Depression can, in principle, amount to a legally recognised disability.

This question was considered recently in the case of Saad v University Hospital Southampton NHS Trust & anor. The tribunal noted that the question of whether or not Mr Saad’s condition should be recognised as a disability depended on the facts of the case and, in particular, on whether each of the following four basic questions were satisfied in relation to his condition:

  1. Does the claimant have a mental or physical impairment?
  2. Does the impairment affect the claimant’s ability to carry out normal day-to-day activities?
  3. Is the effect substantial?
  4. Is the effect long-term?

In Mr Saad’s case, the employment tribunal accepted that the claimant suffered from a depressive and general anxiety disorder and that this amounted to an impairment for the purposes of the relevant legislation.

In an analysis of the remaining three limbs of the test, the employment tribunal accepted that Mr Saad’s impairment did have some effect on his ability to carry out normal day-to-day activities. However, it was concluded that the impairment did not have a substantial adverse effect on those activities and could not, therefore, amount to a disability (whether or not such effect was likely to be “long-term”).

On appeal, the Employment Appeal Tribunal held that the employment tribunal had been entitled to conclude, based on the evidence before it, that Mr Saad was not disabled for the purposes of the relevant legislation and was not therefore subject to protection from disability discrimination.
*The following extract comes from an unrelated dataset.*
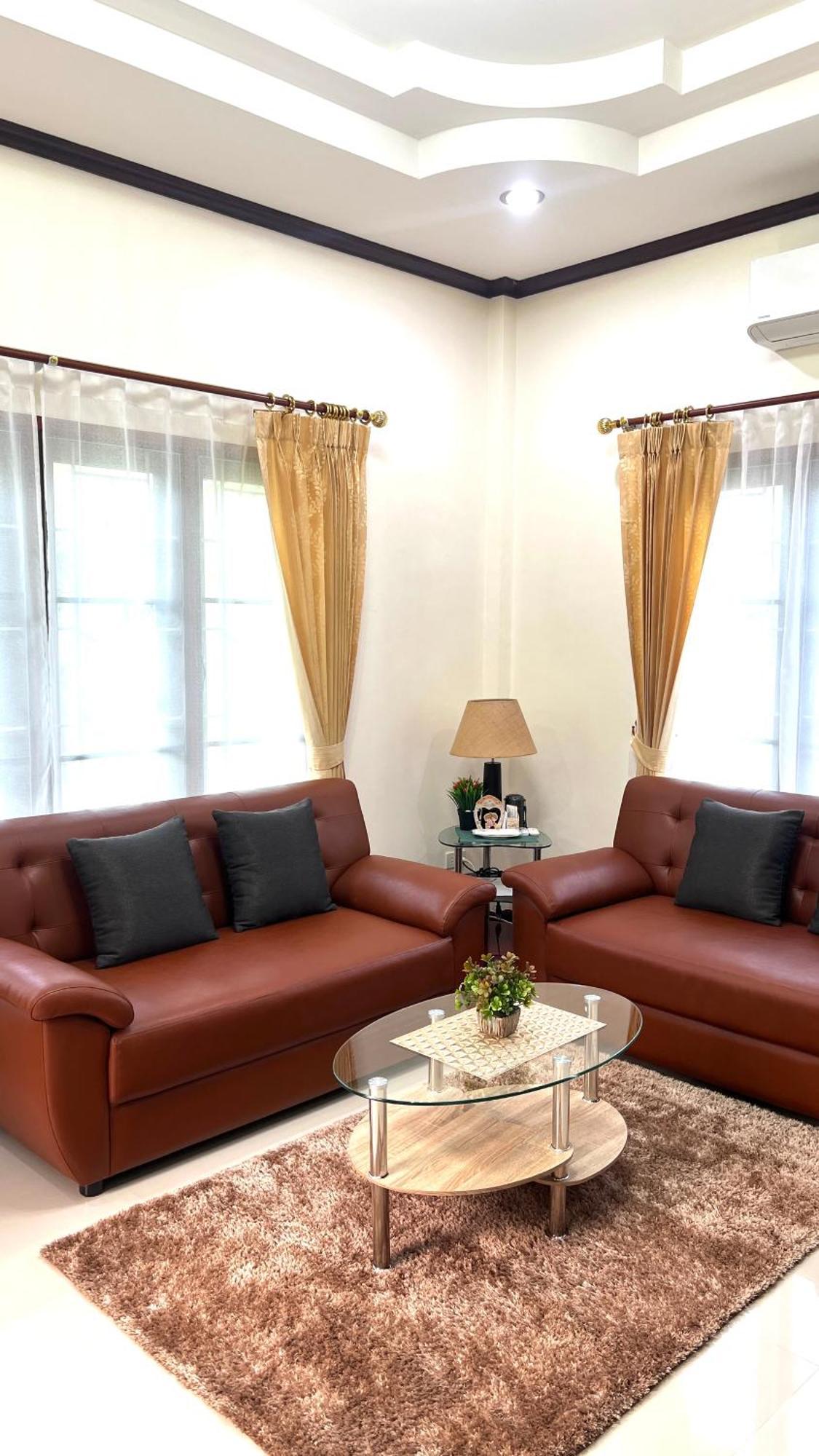 Malinee Villa Phuket شاطئ بانغ تاو المظهر الخارجي الصورة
Employers should note that the decision in the Saad case was fact specific, and a different factual background in another case might give rise to a different finding. Moreover, an aggrieved employee suffering from depression may not be limited to bringing a disability discrimination claim. Depression may, depending on the factual circumstances, give rise to a number of other alternative claims under health and safety legislation, protection from harassment legislation, or even as a personal injury claim. As a result, an employer that finds itself with an employee diagnosed with depression is best advised to deal with that individual carefully and thoughtfully.